# Garmin Edge 510 directly to Strava



## shreddr (Oct 10, 2009)

Can I upload my Garmin Edge 510 directly to Strava? Right now I am loading the Edge data to GarminConnect and using CopyMySports to send it to Strava. For some strange reason some of the data is different in the 2 programs. I would like to just send it straight to Strava, is this possible?


----------



## mikewadley (Aug 19, 2012)

I haven't tried but would be interested also so I could share with non-Garmin users.


----------



## mountbkr (May 28, 2012)

I'm pretty sure you can Bluetooth the 510 directly to strava, log in to strava then click upload and see if it doesn't give the 510 option to select


----------



## shreddr (Oct 10, 2009)

I'm not sure that's the case. I can pull it directly from the unit to Strava when it is USB wired to the computer, but I want to send the data wirelessly to Strava. If it does this I haven't figured it out yet.


----------



## mikewadley (Aug 19, 2012)

shreddr said:


> I'm not sure that's the case. I can pull it directly from the unit to Strava when it is USB wired to the computer, but I want to send the data wirelessly to Strava. If it does this I haven't figured it out yet.

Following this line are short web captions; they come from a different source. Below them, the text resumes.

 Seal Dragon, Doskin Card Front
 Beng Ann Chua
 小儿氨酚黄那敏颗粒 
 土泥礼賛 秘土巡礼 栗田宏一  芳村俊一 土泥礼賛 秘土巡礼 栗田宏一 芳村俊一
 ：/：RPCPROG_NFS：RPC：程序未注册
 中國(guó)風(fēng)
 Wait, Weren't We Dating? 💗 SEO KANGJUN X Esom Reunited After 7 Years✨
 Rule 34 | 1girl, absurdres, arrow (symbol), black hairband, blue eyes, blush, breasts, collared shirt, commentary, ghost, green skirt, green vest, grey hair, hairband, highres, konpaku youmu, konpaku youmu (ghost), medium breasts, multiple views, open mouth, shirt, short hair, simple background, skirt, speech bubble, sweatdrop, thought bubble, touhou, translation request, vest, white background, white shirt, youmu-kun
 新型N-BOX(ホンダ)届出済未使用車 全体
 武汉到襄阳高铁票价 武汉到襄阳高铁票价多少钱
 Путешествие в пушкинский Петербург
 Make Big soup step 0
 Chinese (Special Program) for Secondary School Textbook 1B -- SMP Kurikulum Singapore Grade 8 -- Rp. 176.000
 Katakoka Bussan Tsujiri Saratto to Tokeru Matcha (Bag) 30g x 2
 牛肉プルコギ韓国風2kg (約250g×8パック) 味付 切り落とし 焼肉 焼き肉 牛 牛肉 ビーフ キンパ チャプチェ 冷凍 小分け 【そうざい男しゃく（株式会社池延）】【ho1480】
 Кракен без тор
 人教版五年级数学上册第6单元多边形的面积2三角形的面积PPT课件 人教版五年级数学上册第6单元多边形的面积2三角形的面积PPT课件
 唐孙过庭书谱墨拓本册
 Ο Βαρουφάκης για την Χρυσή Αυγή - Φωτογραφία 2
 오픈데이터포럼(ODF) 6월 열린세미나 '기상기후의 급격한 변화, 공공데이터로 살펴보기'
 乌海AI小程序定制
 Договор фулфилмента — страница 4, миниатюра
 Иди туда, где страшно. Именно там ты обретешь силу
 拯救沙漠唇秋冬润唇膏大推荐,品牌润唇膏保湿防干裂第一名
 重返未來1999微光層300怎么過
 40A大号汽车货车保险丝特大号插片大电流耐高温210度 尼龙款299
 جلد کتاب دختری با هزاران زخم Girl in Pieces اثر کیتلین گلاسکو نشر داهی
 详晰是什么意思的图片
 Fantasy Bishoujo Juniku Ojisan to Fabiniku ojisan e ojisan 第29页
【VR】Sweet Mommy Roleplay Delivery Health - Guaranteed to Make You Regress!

I couldn't get the wireless to work but the USB worked perfectly.


----------



## Harold (Dec 23, 2003)

Strava will do wireless over ANT+ if your receiver will upload via that protocol. I am not sure about bluetooth and I am not sure about the edge 510 but my Forerunner 310xt uploads wirelessly to strava over ANT+.


----------



## Nods Dad (Jan 28, 2013)

I use Tapiriik to sync my Garmin Connect with Strava. When I first started using it there was a difference in elevation data between the two. This has since been fixed. I'm totally happy with it now.


----------



## quaestionis (Jan 10, 2008)

I use CopyMySports. Works well most of the time. I upload rides to my smartphone via bluetooth and the Garmin Connect app. Then CopyMySports wirelessly uploads it to Strava automatically.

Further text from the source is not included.